> [Exercise aim] Could you retype the lines below, starting at the line holding "Drugie zdjęcie samochodu" and stopping at the line holding "Thumbnail: 2025 BMW X4 - 2", inclusive? Copy them exactly and drop the images.

> [Available data]

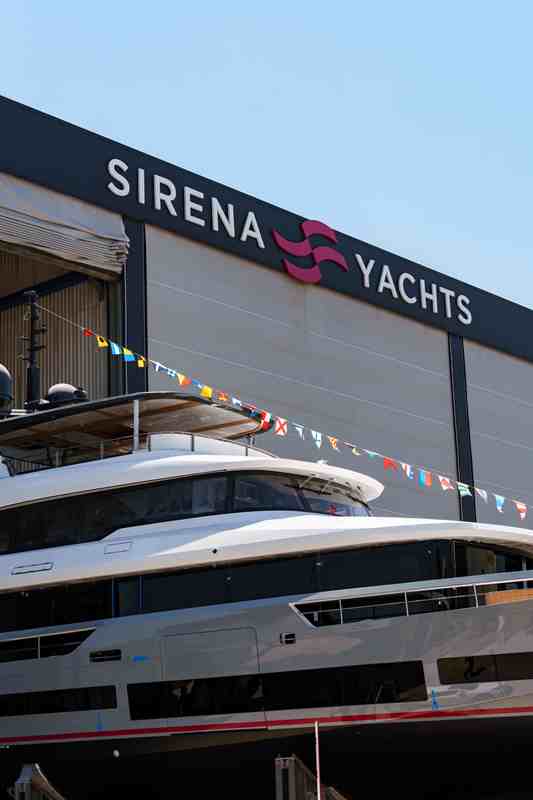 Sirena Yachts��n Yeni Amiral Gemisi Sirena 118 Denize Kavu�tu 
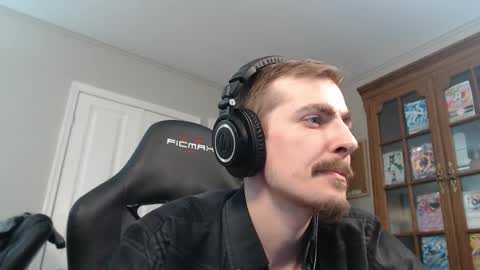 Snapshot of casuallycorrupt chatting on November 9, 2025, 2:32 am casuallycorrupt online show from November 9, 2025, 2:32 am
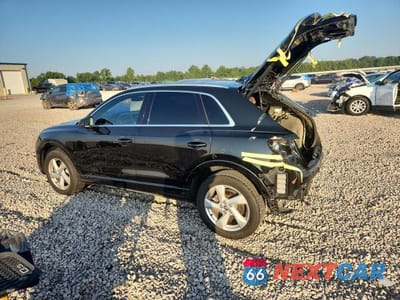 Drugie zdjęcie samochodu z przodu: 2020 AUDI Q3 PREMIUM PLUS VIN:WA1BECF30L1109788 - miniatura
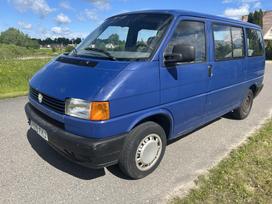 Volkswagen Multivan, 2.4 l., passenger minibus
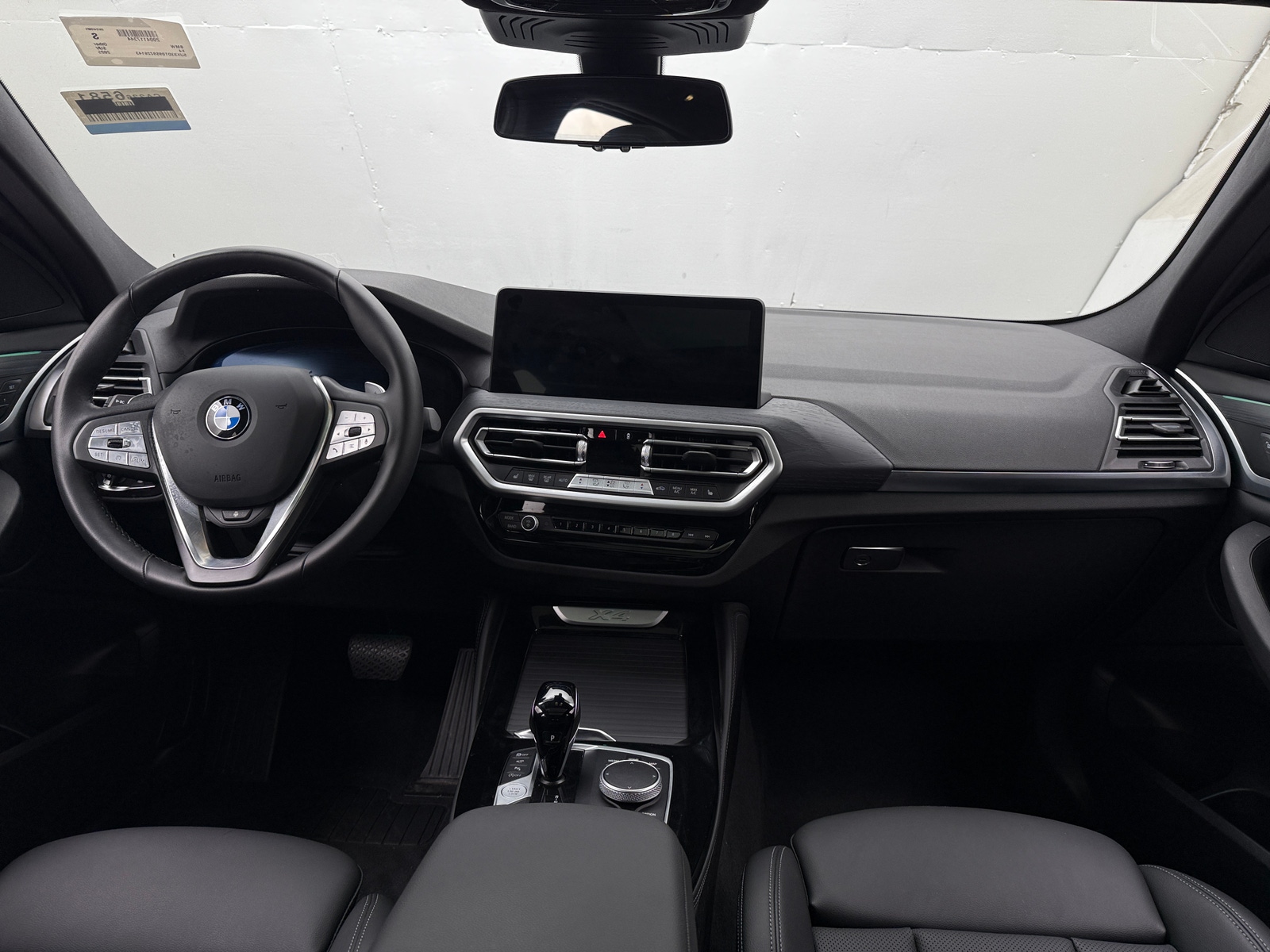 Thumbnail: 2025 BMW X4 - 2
...
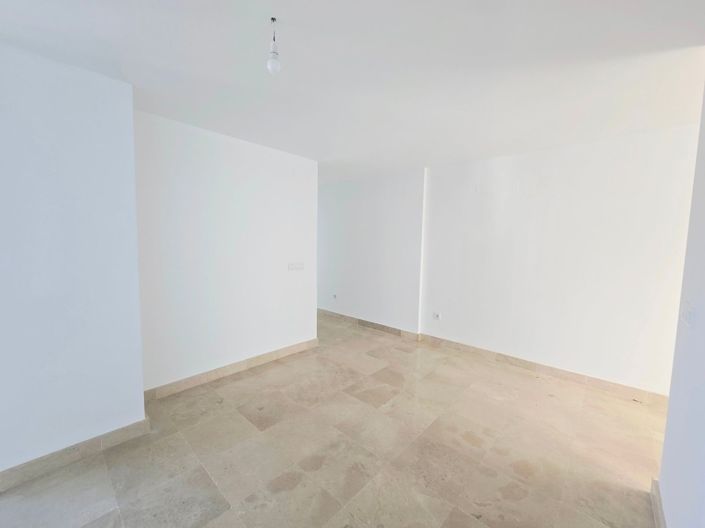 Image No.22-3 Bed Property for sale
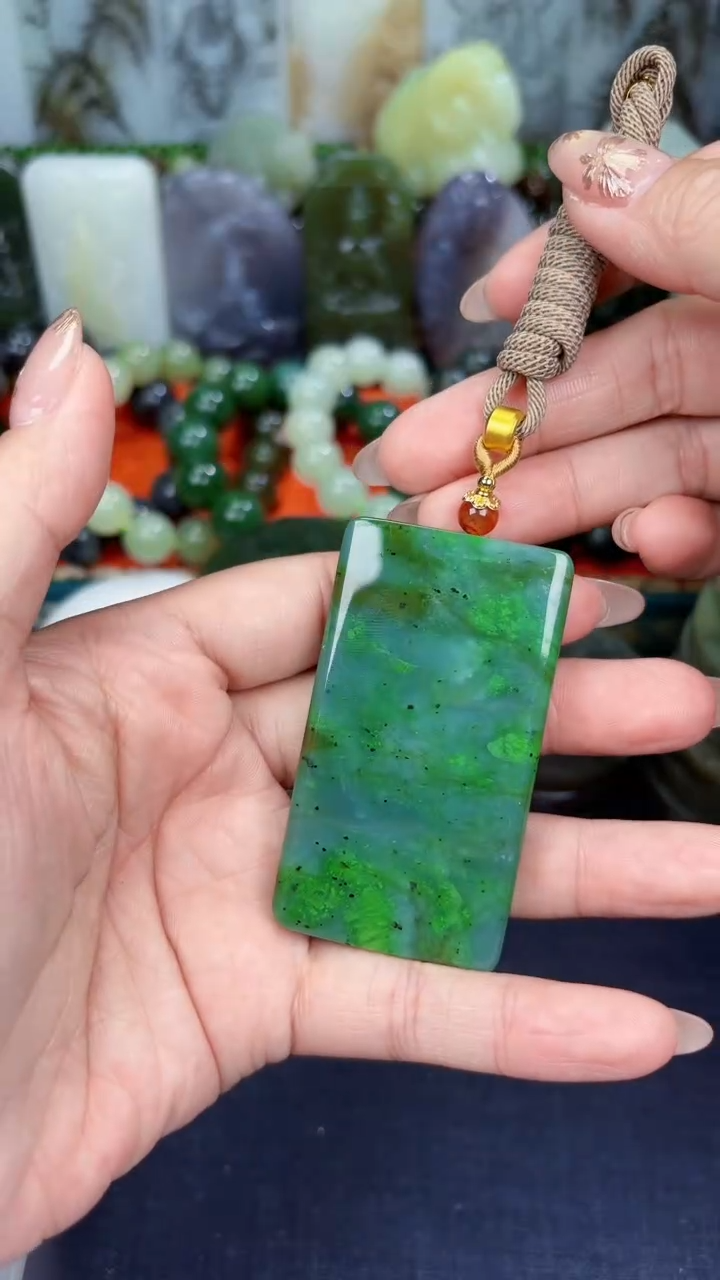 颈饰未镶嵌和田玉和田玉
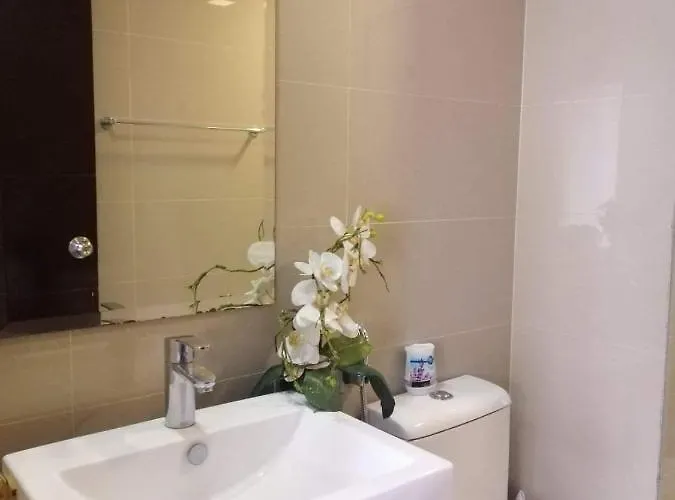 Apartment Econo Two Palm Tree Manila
--
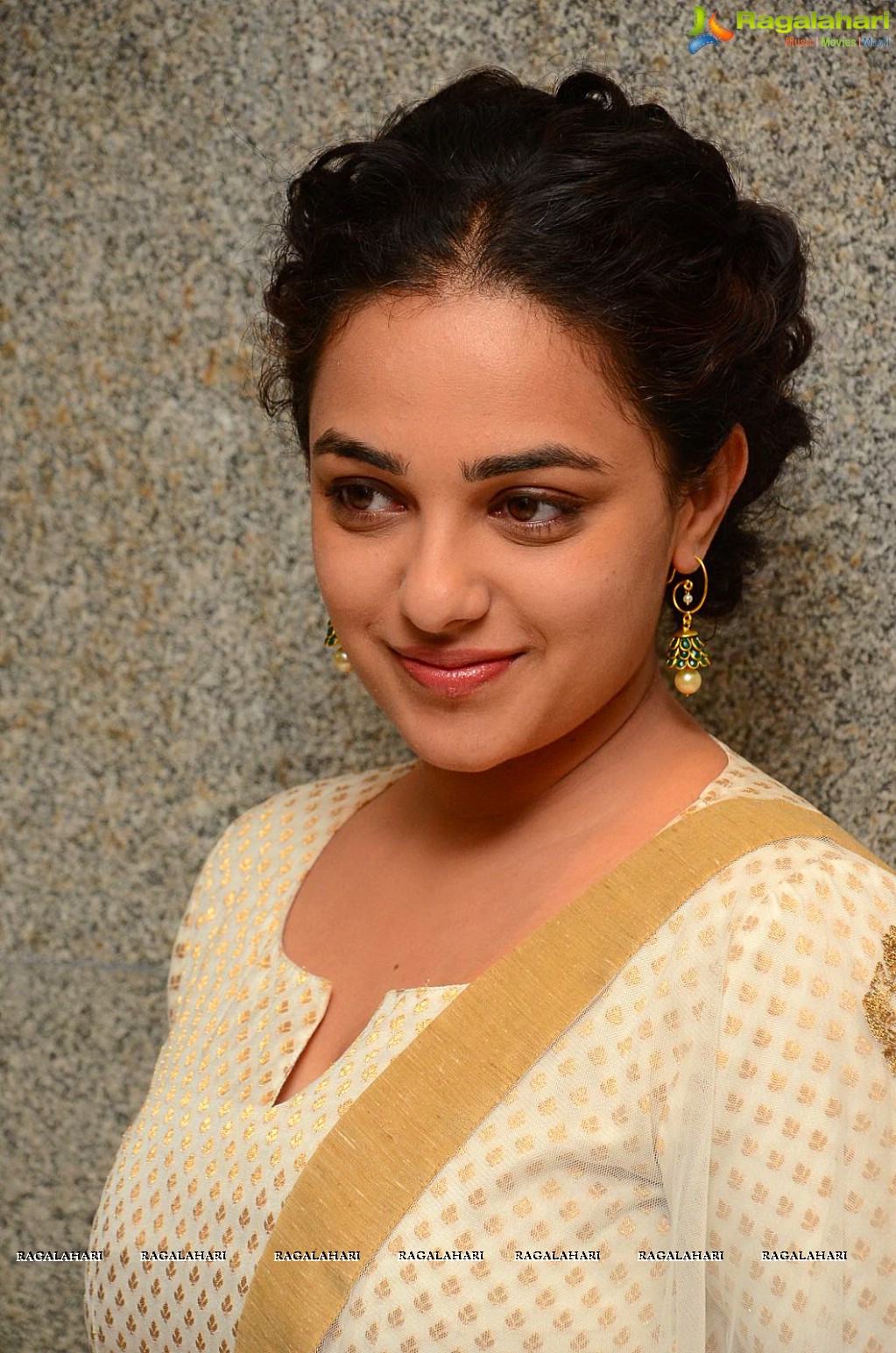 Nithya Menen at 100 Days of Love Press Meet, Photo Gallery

> [Exercise output]
 Drugie zdjęcie samochodu z przodu: 2020 AUDI Q3 PREMIUM PLUS VIN:WA1BECF30L1109788 - miniatura
 Volkswagen Multivan, 2.4 l., passenger minibus
 Thumbnail: 2025 BMW X4 - 2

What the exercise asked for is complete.